Xbox nowej generacji w 2 wersjach? Microsoft może nie pójść drogą Nintendo
Xbox Series X|S nie sprzedaje się wyjątkowo dobrze, lecz gigant z Redmond podobno nie rezygnuje z tradycyjnych konsol. Jez Corden podzielił się swoimi rozważaniami na temat next-genowych platform amerykańskiej korporacji.
Aktualna generacja konsol zadebiutowała w 2020 roku, dlatego wydaje się jak najbardziej zrozumiałe, że przynajmniej od kilku lat trwają prace nad nowymi maszynami. Microsoft już wcześniej potwierdził, że rozwija niezwykle potężny sprzęt, lecz w przyszłości firma może kolejny raz postawić na dwie platformy.

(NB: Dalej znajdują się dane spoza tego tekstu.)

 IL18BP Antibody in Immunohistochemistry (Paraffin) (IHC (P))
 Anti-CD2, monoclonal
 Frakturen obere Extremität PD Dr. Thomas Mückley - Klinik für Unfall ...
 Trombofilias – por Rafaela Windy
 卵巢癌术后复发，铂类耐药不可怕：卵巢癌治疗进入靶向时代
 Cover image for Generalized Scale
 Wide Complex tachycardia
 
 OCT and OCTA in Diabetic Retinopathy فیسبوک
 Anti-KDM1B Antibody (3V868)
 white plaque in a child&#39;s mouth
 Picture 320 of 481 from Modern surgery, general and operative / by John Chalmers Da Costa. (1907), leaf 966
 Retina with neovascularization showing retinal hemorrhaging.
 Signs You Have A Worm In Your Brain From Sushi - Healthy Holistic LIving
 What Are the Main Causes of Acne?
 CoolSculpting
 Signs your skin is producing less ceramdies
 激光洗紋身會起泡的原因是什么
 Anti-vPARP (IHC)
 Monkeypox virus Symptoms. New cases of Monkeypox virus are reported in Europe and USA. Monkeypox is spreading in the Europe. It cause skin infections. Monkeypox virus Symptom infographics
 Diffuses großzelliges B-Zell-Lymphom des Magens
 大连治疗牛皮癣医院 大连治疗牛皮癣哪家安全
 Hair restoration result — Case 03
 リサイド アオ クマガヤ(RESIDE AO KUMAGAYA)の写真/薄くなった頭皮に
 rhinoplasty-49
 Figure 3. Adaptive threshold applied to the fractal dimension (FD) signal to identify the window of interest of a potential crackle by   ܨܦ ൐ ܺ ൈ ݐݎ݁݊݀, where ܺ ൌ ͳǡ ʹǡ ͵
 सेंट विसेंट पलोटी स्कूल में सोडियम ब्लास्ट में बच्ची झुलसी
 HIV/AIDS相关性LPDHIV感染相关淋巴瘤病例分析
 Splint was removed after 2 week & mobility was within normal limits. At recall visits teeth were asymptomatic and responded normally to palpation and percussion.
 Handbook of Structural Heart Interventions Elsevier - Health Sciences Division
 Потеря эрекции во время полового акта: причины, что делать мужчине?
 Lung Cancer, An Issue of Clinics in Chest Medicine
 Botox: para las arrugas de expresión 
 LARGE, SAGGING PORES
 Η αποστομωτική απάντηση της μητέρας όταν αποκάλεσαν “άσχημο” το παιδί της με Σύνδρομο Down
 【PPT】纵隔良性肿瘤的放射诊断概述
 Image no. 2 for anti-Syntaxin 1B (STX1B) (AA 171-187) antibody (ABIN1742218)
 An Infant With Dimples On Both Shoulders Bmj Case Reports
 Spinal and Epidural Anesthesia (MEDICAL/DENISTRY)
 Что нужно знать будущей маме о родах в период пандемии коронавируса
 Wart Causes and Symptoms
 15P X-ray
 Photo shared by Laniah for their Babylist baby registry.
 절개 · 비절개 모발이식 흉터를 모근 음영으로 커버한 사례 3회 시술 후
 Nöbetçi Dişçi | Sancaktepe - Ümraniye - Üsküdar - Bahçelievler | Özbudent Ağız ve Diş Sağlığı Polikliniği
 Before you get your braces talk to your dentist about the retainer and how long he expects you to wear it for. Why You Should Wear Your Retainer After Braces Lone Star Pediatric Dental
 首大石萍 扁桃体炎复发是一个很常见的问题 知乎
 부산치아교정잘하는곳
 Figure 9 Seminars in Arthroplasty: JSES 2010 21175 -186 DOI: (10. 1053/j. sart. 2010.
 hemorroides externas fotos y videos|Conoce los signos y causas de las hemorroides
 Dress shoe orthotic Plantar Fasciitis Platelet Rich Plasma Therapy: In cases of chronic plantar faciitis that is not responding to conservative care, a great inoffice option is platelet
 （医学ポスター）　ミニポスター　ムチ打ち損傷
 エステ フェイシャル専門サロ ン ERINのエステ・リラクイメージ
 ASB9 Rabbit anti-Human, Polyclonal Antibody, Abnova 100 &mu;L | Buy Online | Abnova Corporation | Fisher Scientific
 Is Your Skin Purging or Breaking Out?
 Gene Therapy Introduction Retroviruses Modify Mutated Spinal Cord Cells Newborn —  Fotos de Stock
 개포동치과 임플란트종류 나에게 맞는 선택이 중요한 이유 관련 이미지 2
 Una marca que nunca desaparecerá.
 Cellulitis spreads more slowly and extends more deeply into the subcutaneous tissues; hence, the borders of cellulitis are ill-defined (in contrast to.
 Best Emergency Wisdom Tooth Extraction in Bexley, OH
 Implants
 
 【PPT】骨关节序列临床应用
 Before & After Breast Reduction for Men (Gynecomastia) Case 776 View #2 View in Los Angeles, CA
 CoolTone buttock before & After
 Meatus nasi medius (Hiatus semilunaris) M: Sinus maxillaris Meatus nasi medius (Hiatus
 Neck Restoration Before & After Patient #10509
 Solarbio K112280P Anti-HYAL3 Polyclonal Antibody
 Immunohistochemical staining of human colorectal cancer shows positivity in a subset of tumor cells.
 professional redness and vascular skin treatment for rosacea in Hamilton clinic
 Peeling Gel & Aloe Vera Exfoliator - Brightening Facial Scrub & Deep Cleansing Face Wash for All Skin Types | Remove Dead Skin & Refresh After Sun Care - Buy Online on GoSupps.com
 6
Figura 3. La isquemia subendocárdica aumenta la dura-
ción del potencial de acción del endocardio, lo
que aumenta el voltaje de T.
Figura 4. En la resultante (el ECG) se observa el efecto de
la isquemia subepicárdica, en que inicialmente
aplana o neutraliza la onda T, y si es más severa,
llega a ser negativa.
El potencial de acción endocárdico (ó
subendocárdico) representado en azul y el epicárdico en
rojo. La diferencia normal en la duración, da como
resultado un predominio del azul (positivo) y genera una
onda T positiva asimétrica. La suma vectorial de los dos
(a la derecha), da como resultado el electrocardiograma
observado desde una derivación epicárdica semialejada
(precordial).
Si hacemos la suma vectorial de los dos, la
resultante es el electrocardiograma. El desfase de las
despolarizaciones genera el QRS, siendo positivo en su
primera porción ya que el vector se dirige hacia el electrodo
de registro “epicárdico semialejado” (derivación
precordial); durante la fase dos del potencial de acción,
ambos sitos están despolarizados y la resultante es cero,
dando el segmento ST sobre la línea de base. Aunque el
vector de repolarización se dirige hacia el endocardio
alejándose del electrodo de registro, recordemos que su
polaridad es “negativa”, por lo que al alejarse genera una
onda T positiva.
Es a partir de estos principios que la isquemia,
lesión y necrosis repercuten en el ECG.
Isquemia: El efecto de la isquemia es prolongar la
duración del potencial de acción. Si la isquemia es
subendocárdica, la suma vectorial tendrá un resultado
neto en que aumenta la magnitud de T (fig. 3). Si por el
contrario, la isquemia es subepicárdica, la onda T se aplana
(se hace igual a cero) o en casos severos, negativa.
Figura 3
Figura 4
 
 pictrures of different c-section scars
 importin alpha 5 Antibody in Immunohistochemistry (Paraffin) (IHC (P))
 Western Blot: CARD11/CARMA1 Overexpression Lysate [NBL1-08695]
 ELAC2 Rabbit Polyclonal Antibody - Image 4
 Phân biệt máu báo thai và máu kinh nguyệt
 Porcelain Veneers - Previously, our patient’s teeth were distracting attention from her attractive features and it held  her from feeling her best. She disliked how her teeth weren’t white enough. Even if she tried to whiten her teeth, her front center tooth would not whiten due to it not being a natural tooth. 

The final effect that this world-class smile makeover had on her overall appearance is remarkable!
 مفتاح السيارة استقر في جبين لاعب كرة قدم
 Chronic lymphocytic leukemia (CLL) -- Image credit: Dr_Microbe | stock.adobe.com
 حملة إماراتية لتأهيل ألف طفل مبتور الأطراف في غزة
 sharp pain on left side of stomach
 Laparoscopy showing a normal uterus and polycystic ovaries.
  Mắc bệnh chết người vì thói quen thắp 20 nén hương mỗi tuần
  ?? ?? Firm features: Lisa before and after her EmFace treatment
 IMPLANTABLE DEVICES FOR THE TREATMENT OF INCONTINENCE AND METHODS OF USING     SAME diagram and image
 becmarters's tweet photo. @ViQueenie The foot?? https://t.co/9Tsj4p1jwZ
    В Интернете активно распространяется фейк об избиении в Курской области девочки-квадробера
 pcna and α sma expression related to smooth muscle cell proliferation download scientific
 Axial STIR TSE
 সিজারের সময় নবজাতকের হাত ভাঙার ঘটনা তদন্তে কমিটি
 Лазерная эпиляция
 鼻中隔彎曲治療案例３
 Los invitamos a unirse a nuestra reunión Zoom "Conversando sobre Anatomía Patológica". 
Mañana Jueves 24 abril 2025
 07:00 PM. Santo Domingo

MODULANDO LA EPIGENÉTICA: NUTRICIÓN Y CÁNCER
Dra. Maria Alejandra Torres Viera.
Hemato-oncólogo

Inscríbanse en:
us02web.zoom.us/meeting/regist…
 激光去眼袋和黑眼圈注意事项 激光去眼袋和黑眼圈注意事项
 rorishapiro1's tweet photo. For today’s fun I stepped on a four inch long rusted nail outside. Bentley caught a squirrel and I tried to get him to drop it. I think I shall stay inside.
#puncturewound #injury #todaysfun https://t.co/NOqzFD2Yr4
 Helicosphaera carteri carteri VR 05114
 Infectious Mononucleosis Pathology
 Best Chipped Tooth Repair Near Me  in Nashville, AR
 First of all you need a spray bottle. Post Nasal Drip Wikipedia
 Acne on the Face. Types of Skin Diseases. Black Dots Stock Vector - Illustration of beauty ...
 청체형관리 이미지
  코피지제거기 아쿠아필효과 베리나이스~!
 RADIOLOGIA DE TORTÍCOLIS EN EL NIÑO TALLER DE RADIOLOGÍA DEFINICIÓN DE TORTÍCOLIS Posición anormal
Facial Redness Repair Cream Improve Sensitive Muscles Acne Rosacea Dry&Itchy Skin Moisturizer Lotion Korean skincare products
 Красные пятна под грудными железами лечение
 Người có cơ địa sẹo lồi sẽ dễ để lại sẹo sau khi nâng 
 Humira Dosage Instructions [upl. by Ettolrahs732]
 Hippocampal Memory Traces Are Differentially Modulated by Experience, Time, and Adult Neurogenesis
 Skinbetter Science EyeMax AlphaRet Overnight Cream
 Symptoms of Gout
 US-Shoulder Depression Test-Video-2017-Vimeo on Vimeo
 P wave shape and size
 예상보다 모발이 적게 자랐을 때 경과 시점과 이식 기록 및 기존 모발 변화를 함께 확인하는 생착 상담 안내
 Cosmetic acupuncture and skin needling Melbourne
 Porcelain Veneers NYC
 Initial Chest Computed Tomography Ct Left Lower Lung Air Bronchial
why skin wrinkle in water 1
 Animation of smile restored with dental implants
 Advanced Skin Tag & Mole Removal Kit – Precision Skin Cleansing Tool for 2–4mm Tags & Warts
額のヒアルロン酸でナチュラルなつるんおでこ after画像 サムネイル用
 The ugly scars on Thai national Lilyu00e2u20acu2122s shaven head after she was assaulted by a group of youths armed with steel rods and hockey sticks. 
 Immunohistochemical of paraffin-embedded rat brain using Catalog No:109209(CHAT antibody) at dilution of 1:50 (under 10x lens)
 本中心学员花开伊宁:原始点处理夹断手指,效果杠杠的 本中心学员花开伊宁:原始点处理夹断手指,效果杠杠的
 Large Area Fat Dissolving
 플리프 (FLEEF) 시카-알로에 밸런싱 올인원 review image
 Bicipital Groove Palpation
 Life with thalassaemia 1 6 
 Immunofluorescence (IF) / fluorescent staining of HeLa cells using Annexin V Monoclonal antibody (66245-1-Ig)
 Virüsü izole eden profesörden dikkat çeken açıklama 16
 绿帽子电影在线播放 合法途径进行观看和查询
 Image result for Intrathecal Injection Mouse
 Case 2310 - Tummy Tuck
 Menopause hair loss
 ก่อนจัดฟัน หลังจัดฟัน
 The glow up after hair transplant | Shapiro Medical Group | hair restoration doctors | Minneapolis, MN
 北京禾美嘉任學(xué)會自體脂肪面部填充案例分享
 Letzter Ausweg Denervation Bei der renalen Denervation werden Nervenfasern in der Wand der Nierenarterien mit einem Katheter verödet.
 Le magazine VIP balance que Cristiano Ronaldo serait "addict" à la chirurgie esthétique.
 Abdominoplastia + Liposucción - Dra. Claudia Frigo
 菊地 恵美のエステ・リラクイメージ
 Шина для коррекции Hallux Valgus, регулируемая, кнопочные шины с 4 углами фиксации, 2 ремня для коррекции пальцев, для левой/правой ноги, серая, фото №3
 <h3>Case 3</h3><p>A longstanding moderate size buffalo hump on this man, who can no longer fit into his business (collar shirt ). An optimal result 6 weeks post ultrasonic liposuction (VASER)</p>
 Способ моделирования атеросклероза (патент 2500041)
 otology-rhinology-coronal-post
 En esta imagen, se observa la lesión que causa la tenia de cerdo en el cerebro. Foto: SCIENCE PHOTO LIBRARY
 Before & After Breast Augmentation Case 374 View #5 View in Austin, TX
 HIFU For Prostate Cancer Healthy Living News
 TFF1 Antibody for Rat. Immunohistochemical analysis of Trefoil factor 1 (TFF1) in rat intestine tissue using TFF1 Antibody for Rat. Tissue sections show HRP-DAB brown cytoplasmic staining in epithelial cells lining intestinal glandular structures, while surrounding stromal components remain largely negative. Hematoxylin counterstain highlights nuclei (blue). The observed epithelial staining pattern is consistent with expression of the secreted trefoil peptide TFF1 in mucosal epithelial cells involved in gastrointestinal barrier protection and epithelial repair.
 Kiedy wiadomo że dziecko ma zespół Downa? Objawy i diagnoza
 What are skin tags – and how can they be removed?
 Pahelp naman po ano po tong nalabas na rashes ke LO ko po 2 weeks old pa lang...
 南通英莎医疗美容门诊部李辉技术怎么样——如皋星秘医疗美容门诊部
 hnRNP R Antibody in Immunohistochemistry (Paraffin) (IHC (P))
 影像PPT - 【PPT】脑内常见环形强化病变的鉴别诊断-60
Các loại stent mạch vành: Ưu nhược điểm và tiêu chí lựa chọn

Xbox Series X charakteryzuje się dużą mocą i cieszy się sporym uznaniem wśród deweloperów, jednakże to możliwości Xboksa Series S kładą się cieniem na stanie obecnej generacji – konsola mierzy się z rozmaitymi problemami, przez które część twórców musi wprowadzać cięcia w swoich produkcjach. Jakie będą więc następne poczynania Microsoftu? Jak bumerang powracają wzmianki o pewnej zmianie koncepcji, a głos w tej sprawie zabrał Jez Corden.
Microsoft mógłby pracować nad dwoma urządzeniami – tradycyjną konsolą oraz przenośnym sprzętem. Amerykanie jednak nie podążyliby drogą Nintendo i nie przygotowaliby hybrydowej platformy.
Nowy Xbox mógłby być samodzielnym sprzętem, a gracze otrzymaliby możliwość kupienia samodzielnej wersji przenośnej.
[Plotka]:
Według @JezCorden Xbox Handheld będzie osobnym urządzeniem, dodatkiem do następcy Series X, a nie urządzeniem hybrydowym.
Next-Gen Xbox:
-Tradycyjna konsola domowa,
-Handheld dodatek.
[Rumor]:
— Kloot (@ZakkenKloot) August 6, 2024
According to @JezCorden the Xbox Handheld will be a separate device, an add-on to the Series X successor and not a hybrid device.
Next-Gen Xbox:
-Traditional home console
-Handheld add-on pic.twitter.com/i6sbxY5Ot6
Choć autor podkreśla, że są to swego rodzaju spekulacje i niepotwierdzone informacje, już wielokrotnie w swoich wypowiedziach poruszał temat przenośnej konsoli stworzonej przez giganta z Redmond – na jeden z jego wpisów zareagował nawet Phil Spencer. Jeżeli amerykański producent zdecydowałby się na dwa osobne sprzęty, to stanie się jasne, że nie chce wykorzystać koncepcji Nintendo i wielkiej popularności Nintendo Switcha. Japończycy postawili na hybrydowy sprzęt i to podejście przynosi satysfakcjonujące efekty.
Jeżeli doniesienia okazałyby się jednak zgodne z prawdą, to Microsoft może w tej sytuacji „zjeść ciastko i mieć ciastko”. Połączenie jednej bardzo mocnej platformy oraz nieco słabszego urządzenia, które ze względu na swoją mobilność nie będzie mogło zaoferować tak dużej mocy jak stacjonarna konsola, ale dzięki różnym technologiom może zapewnić rozgrywkę w wielu miejscach, może okazać się rozsądnym posunięciem.